Make Ghostbusters Your like Coach


Ghostbusters never really hit our screens, yet we’re still as big fan boys as everyone else. There’s Ray’s childlike wonder (“You gotta try this pole!”), Egon’s clinical lack of emotion, Peter’s endearing cynicism, Winston’s sod-it-it’s-a-job attitude. But beyond marshmallow men, inter-dimensional fridges and a great dickless gag, Ghostbusters is full of lessons no other “kids” film has ever dared teach…

Lesson 1: You don’t have to be handsome to be sexy. Bill Murray’s no hunk – he slouches, he’s got a belly, his face is scratched to shit – but he’s attractive to women. He’s confident, unflappable and charismatic, which beats Prince Charming cheekbones any day.

Lesson 2: It’s easier to ask for forgiveness than get permission. The guys have unlicenced nuclear accelerators on their backs and run their containment unit off the city grid. But it’s only when their services are shut down that everything goes shithouse – all the red tape they have to go through slows things down, and once they succeed, they’re not only forgiven but actually hailed as heroes.

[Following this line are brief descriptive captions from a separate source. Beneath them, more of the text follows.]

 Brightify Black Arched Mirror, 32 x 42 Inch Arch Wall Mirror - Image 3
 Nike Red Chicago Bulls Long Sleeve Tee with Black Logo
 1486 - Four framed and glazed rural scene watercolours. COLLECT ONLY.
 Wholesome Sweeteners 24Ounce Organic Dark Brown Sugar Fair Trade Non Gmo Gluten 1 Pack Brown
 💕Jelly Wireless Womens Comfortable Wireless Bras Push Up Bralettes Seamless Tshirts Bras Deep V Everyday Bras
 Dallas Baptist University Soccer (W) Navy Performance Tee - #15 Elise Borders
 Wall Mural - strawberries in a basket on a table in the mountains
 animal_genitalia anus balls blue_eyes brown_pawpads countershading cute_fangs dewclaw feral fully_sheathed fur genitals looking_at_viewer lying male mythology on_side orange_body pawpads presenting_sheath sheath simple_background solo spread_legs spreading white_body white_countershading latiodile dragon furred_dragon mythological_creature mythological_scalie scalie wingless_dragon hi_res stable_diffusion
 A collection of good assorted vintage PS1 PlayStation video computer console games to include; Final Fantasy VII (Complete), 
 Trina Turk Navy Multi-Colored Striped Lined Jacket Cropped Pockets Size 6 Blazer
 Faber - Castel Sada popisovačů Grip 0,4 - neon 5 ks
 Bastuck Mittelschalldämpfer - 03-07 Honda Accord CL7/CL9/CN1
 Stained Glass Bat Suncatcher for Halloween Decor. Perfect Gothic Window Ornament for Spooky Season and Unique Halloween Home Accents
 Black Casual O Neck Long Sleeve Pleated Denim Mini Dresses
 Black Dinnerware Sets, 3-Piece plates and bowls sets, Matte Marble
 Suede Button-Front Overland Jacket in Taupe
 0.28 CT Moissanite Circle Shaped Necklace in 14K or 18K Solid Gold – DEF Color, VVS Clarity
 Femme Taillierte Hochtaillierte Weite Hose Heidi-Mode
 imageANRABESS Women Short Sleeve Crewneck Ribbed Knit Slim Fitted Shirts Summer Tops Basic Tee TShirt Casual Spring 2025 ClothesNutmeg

Lesson 3: People without mates have a really shit time. Everyone who faces anything alone – Walter Peck, Louis Tully – has a terrible time, while the ‘Busters manage to make gags even when facing doom, because they’ve got each other’s backs. Imminent death leads to the film’s only moment of sincerity between the buddies: “See you on the other side, Ray.” “Nice working with you, Dr Venkman.”

Lesson 4: Common sense sucks. The idea of crossing proton streams is inconceivable, as it’ll result in “every molecule in your body exploding at the speed of light”. But ultimately, how do they save the day? By sticking a middle finger up at common sense, throwing sensibility out of the window, and crossing those proton streams. There’s definitely a lesson in there somewhere. Ghostbusters. It isn’t just a film. It’s a guide to life.